Renouvellement d’une marque revendiquée : la Cour de cassation aménage le délai
Les faits concernent la marque française « Bébé Lilly », qui avait été déposée par un tiers en fraude des droits de son créateur. Ce dernier avait donc engagé une action en revendication de ladite marque. Ce ne sont finalement pas moins de treize ans de procédure qui seront nécessaires, la Cour de cassation reconnaissant finalement la fraude et ordonnant le transfert de la marque à son profit (Cass. com., 11 janv. 2017, n° 15-15.750 ; Cass. com., 4 nov. 2020, n° 18-18.455).
L’inscription au registre national des marques de ce transfert de propriété est toutefois intervenue le 9 mai 2022 (publication le 10 juin). Entre-temps, la période de protection (10 ans à compter de la publication de la marque) était arrivée à son terme. La demande de renouvellement, déposée le 27 juin 2022, a été jugée tardive par le directeur général de l’INPI (Institut National de la Propriété Intellectuelle) qui l’a donc déclarée irrecevable, décision confirmée par la Cour d’appel de Paris (24 nov. 2023, n° 22/18614). Expirée et non renouvelée, la marque durement acquise s’en retrouvait donc inutile.
En application des anciens articles L. 712-6, L. 712-9 et R. 712-24 du code de la propriété intellectuelle, seul le titulaire inscrit peut renouveler la marque, au plus tard dans le délai de grâce de six mois suivant son expiration. Toute déclaration postérieure est définitivement irrecevable.
La Cour de cassation constate dans son arrêt le paradoxe que provoque l’application mécanique de ces règles, dans un contexte où la marque a été déposée frauduleusement et où l’action en revendication particulièrement longue a conduit à priver le titulaire légitime de son droit de propriété.
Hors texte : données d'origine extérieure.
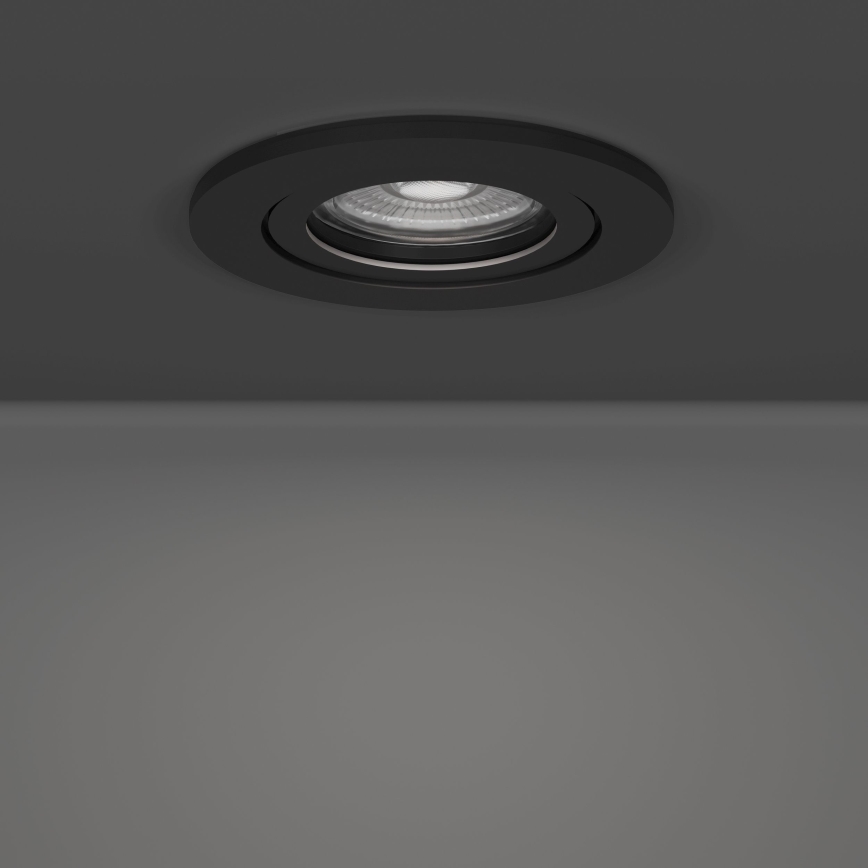 Eglo - Conjunto de 3 spots LED encastrados, 4,8W, 230V, 2700/4000/6500K, preto
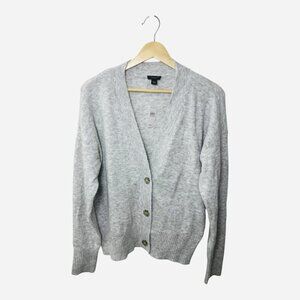 Ann Taylor Factory Women’s Gray Button Down Cardigan Size Large NWT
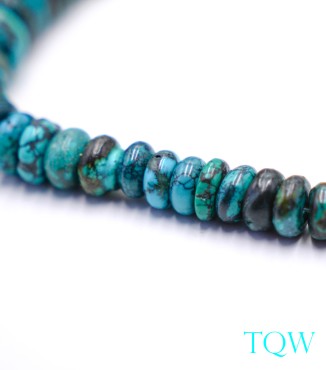 Graduated Rondelle Turquoise - Blue Green - 6-13 mm - 09-05-04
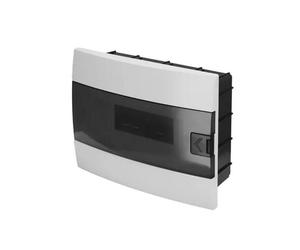 Tableau électrique encastrable 12 modules (1x12) IP40 étanche blanc porte fumée HOROZ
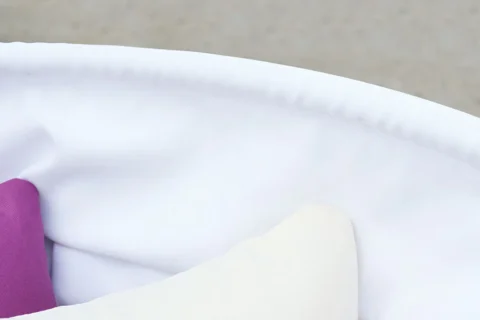 訂製藤編躺床篷蓋細節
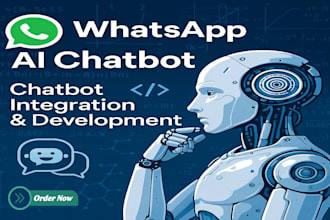 do a whatsapp ai chatbot chatbot integration and development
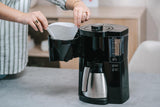 Melitta Look Therm - Machine à expresso avec filtre, carafe thermique et réservoir d'eau amovible, pour jusqu'à 10 tasses de café, noir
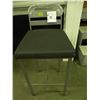 Image 1 : GREY & BLACK LEATHER STOOL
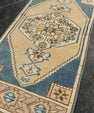 Turkish Mini Rug Oriental Hand Knotted Vintage Rug 1'5" x 3' #21221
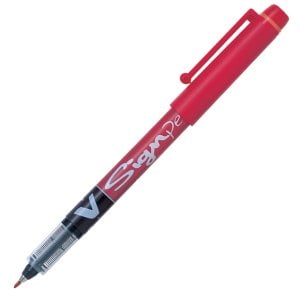 Pilot V SignPen İmza Kalemi Kırmızı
La procédure ayant abouti après l’expiration du délai de renouvellement, ce titulaire n’avait, par conséquent, aucune possibilité juridique d’exercer son droit.
Considérant comme disproportionnée une telle atteinte, la Cour casse l’arrêt d’appel, et statue au fond.
Elle juge que le point de départ du délai de grâce de six mois doit être fixé à la date d’inscription au registre du transfert de propriété résultant de l’action en revendication. Ce n’est qu’à compter de cette date que le véritable titulaire peut, en pratique comme en droit, agir pour renouveler la marque.
En conséquence, la déclaration déposée le 27 juin 2022 devait donc être considérée comme recevable, et la marque acquise de haute lutte pourra donc conserver sa validité et son antériorité.
La décision, pragmatique, opère donc un équilibre entre la sécurité juridique des tiers, protégée par les délais stricts du CPI, et la protection du droit de propriété lorsque la durée d’une procédure prive le titulaire légitime de toute possibilité d’action.
Elle consacre, en matière de revendication, une adaptation du calendrier du renouvellement lorsque la durée du contentieux rend impossible le respect des délais légaux par le titulaire final de la marque.